=== Begin Enclosure ===
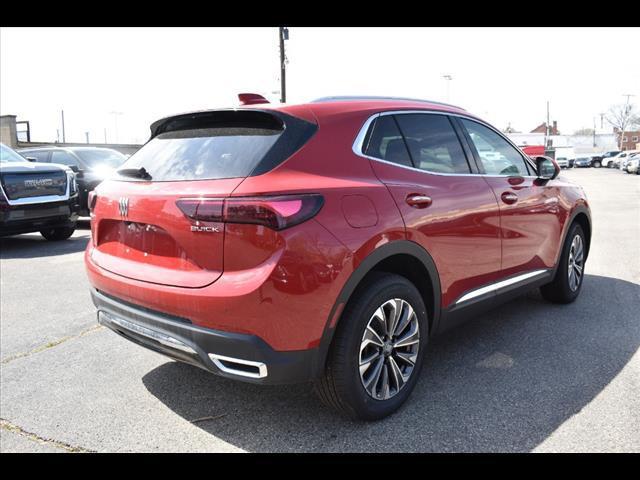 Photo of 2025 Brilliant Red Buick Envision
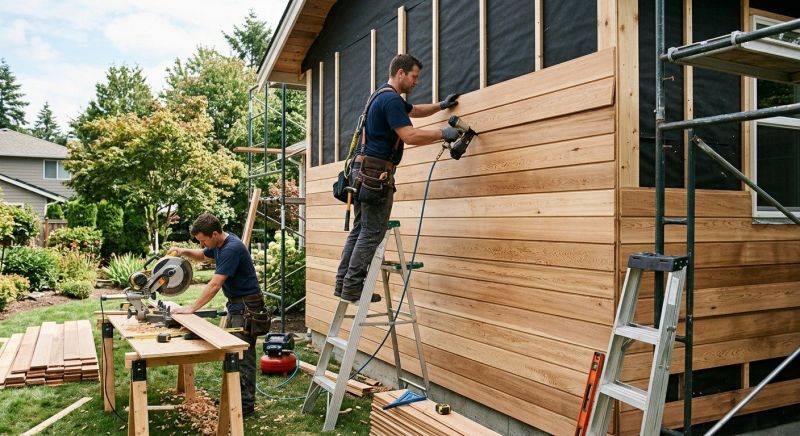 Barn Siding Installation in Estes Park, CO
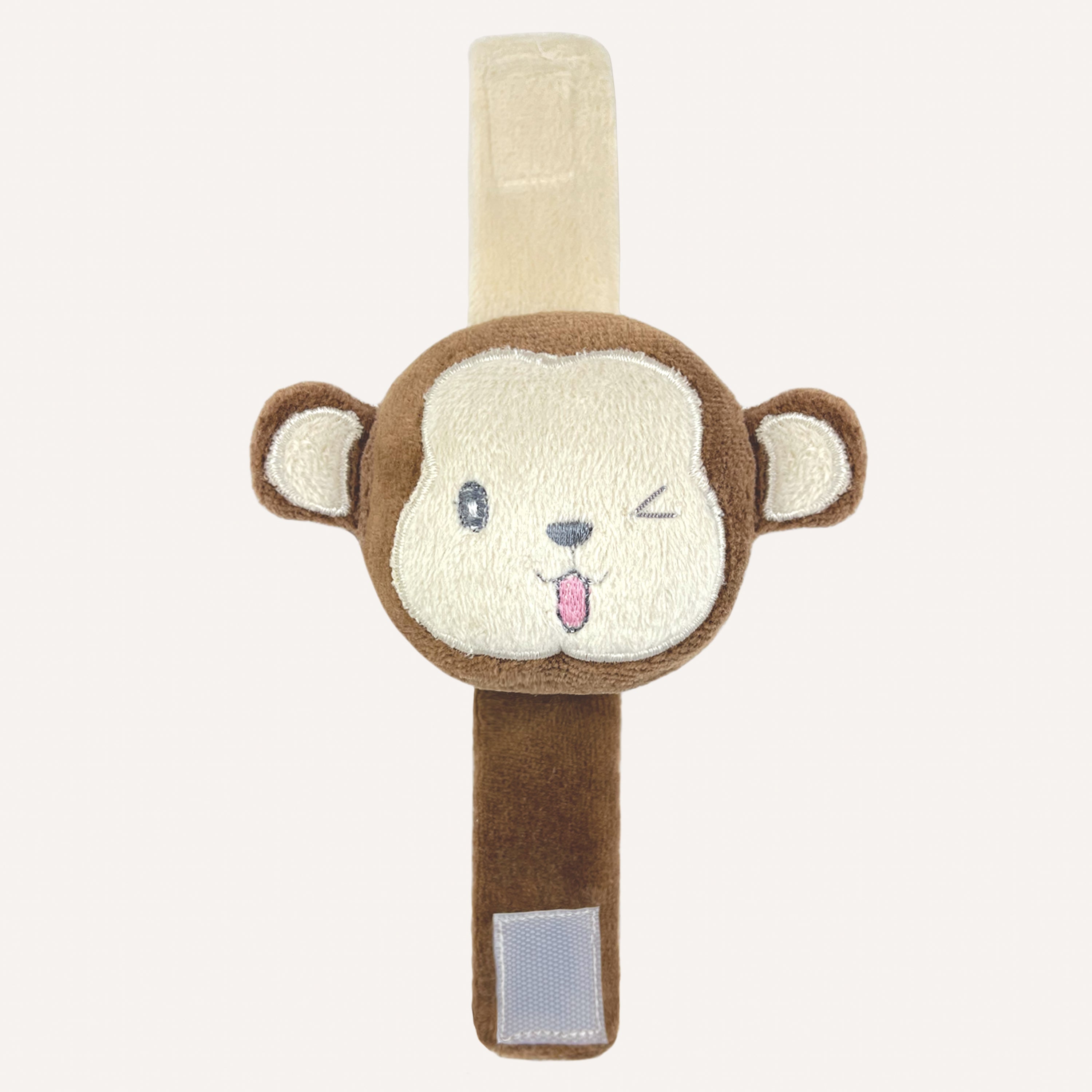 Abracadabra Wrist Rattle - Monkey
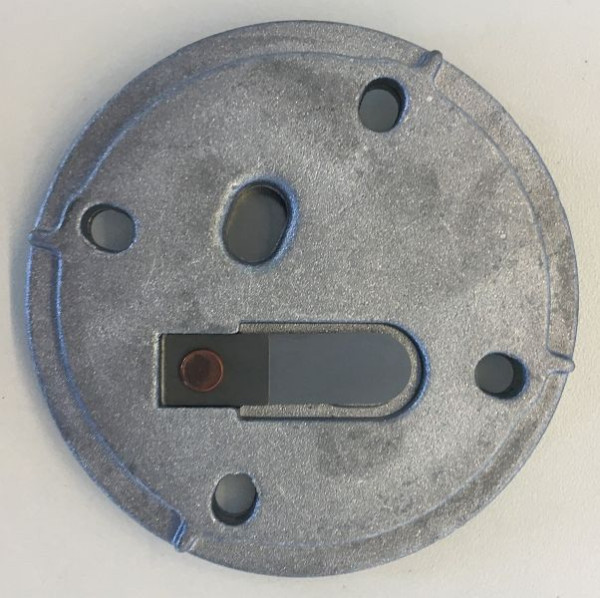 ELMAG klepplaat (positie 6) voor model ECU, 9010306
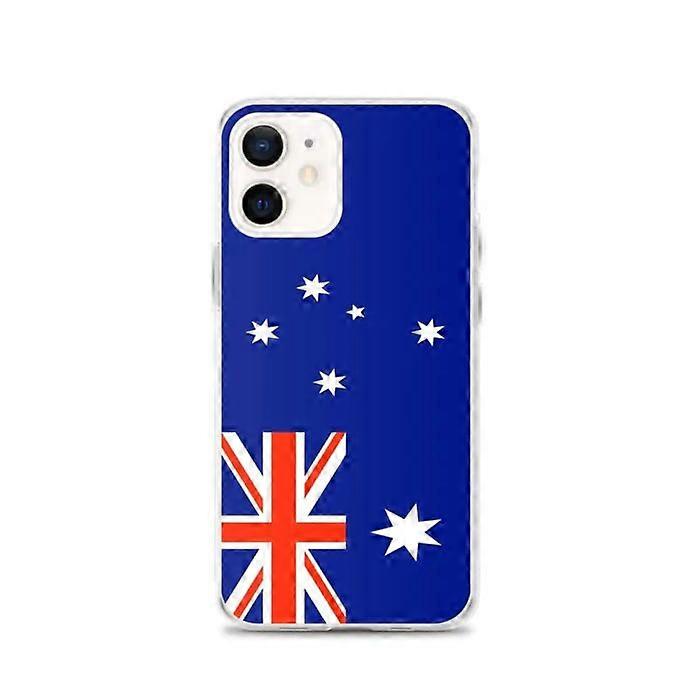 iPhone Case - Multicolored - Heard and McDonald Islands Flag - Flexible - TPU - Vertical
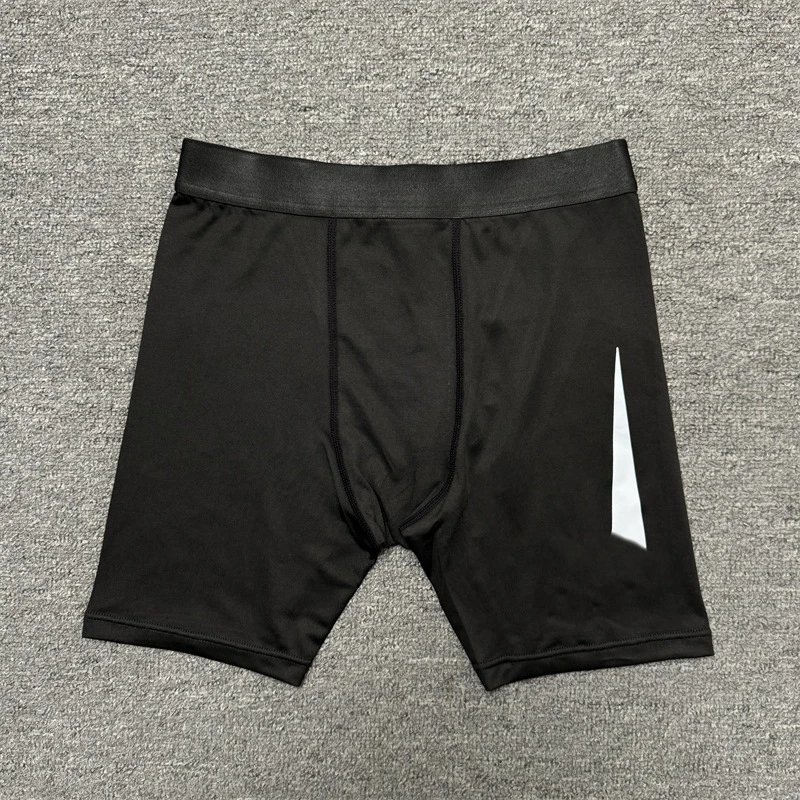 五分裤黑腰带-右实G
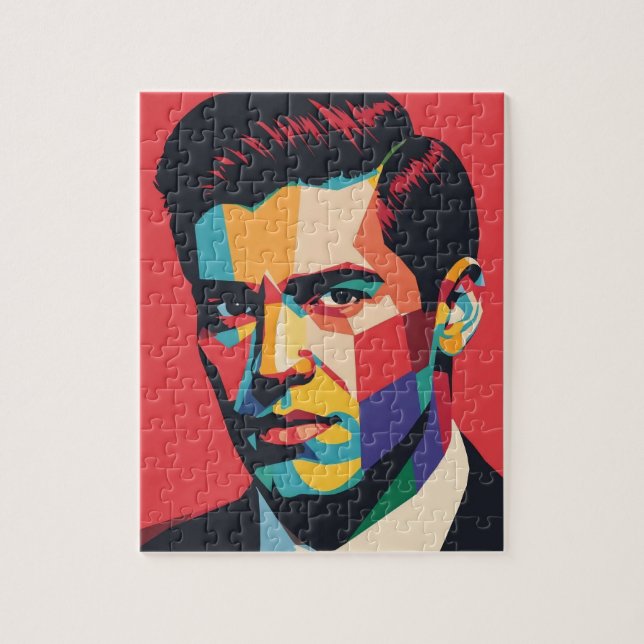 Bussinessman Jigsaw Puzzle (Vertical)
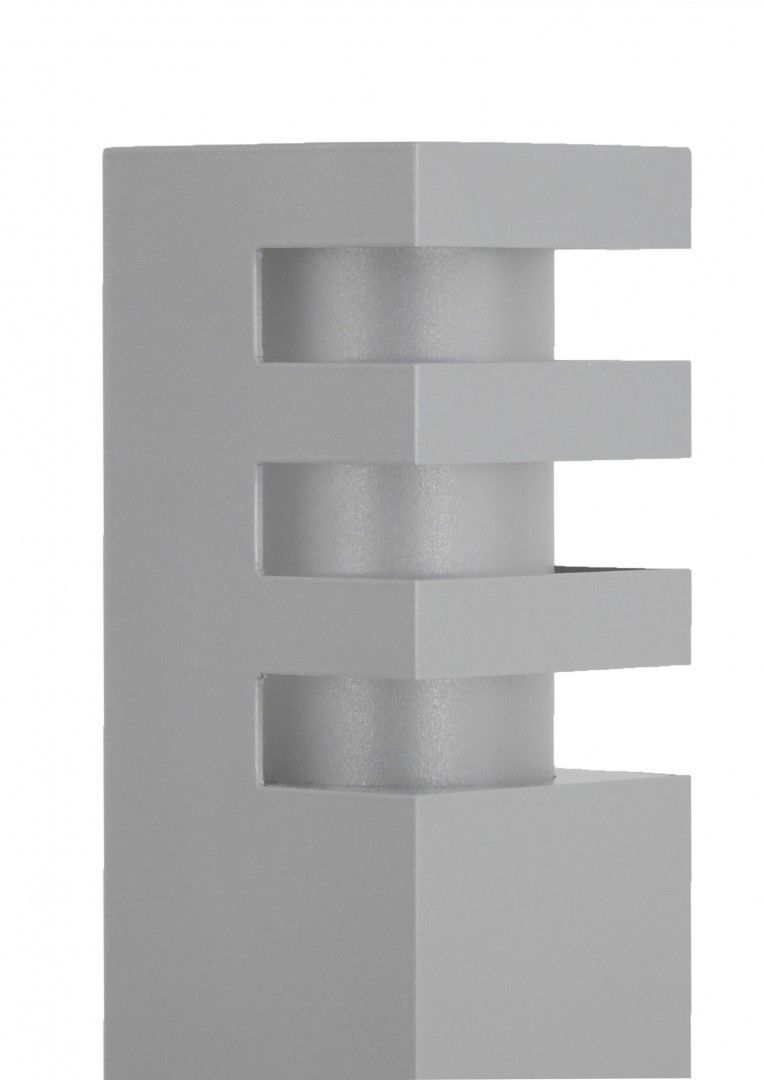 Lampe d'allée BERINGEN 75cm Moderne carrée IP54 E27 en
=== End Enclosure ===
Your goal:
Please output every record above exactly as written, leaving out the pictures.

Answer for this exercise:
 Photo of 2025 Brilliant Red Buick Envision
 Barn Siding Installation in Estes Park, CO
 Abracadabra Wrist Rattle - Monkey
 ELMAG klepplaat (positie 6) voor model ECU, 9010306
 iPhone Case - Multicolored - Heard and McDonald Islands Flag - Flexible - TPU - Vertical
 五分裤黑腰带-右实G
 Bussinessman Jigsaw Puzzle (Vertical)
 Lampe d'allée BERINGEN 75cm Moderne carrée IP54 E27 en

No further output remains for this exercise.